Print exactly and only the lines that run from the one containing "Logo kỷ niệm" through the end of the material, please, omitting pictures.

MATERIAL PROVIDED:
= = =
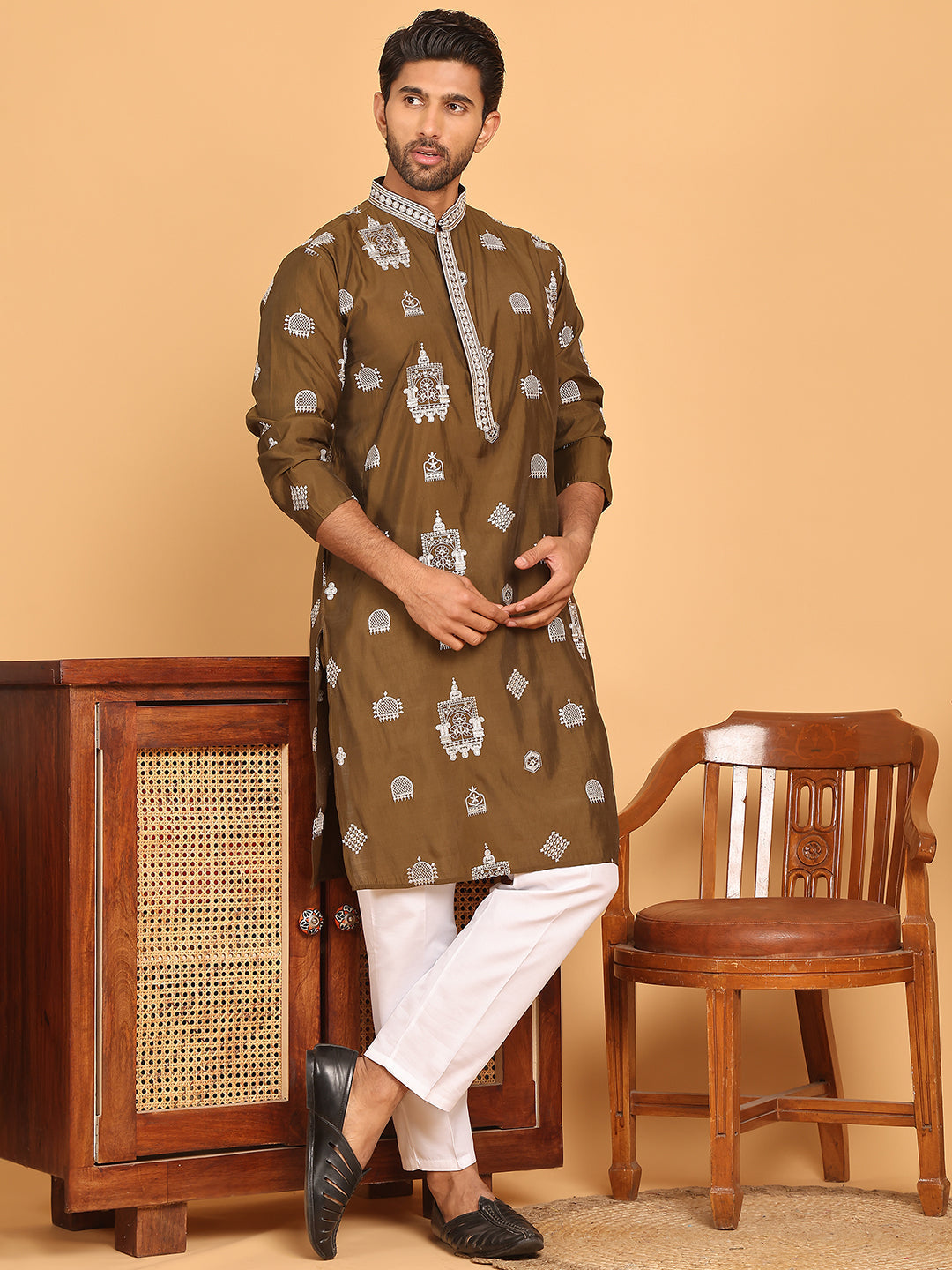 DesiQlo Men Embroidered Kurta Pyjama Set - Green - JOKP_P_5191Mehndi_S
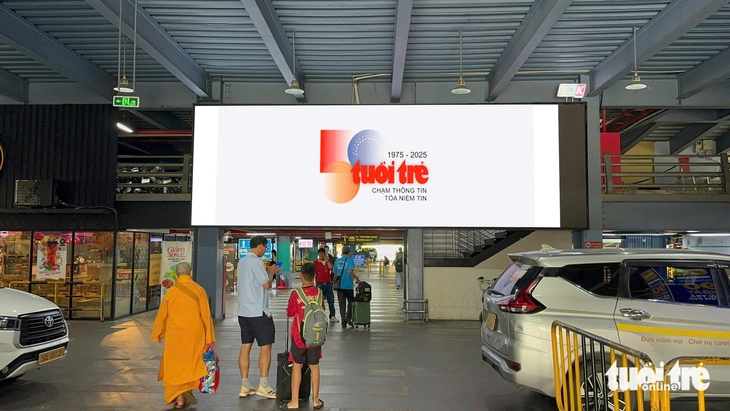 Logo kỷ niệm 50 năm thành lập báo Tuổi Trẻ có mặt ở các tòa nhà tại Hà Nội, TP.HCM, Đà Nẵng - Ảnh 14. báo Tuổi Trẻ - Ảnh 13.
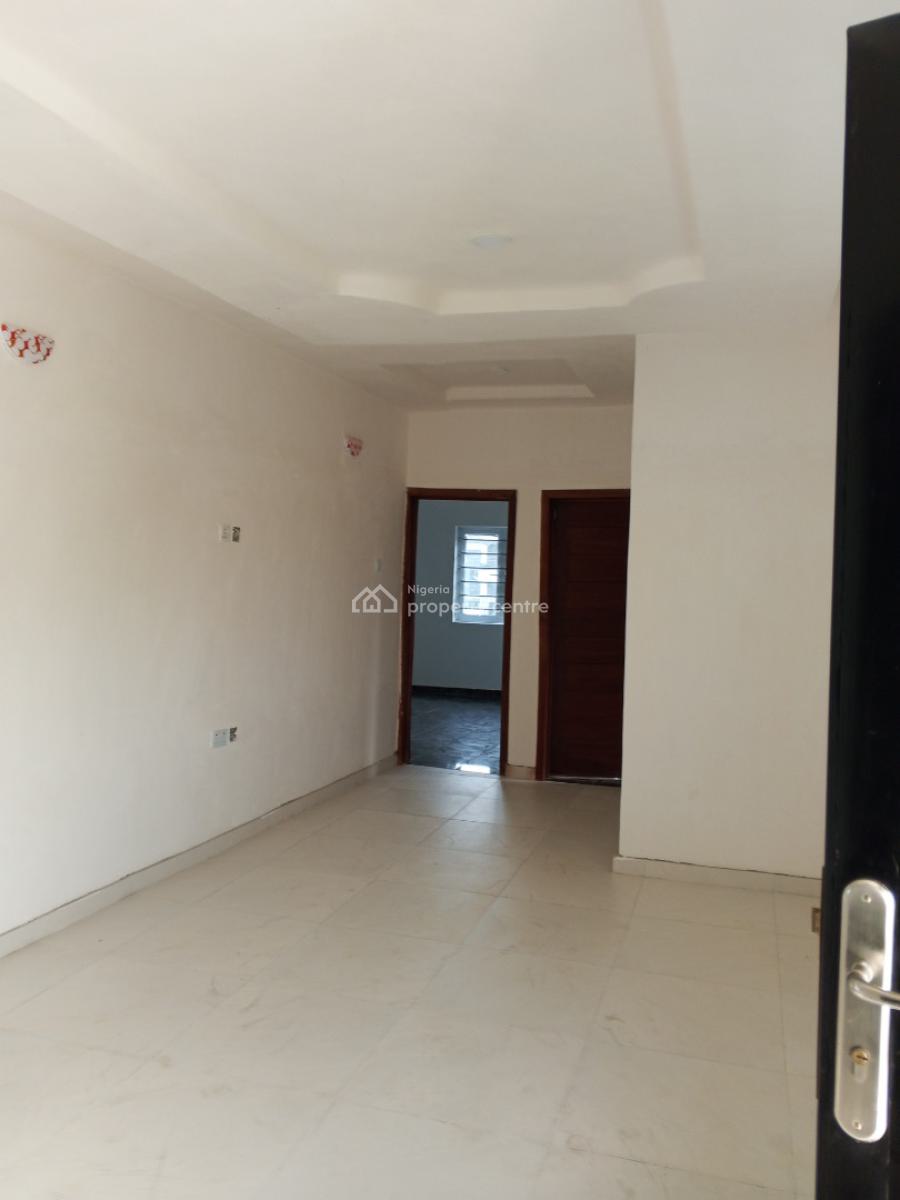 Newly Built Spacious 2 Bedrooms, Bucknor Estate, Jakande Axis, Isolo, Lagos, Flat / Apartment for Rent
= = =
TASK RESPONSE:
 Logo kỷ niệm 50 năm thành lập báo Tuổi Trẻ có mặt ở các tòa nhà tại Hà Nội, TP.HCM, Đà Nẵng - Ảnh 14. báo Tuổi Trẻ - Ảnh 13.
 Newly Built Spacious 2 Bedrooms, Bucknor Estate, Jakande Axis, Isolo, Lagos, Flat / Apartment for Rent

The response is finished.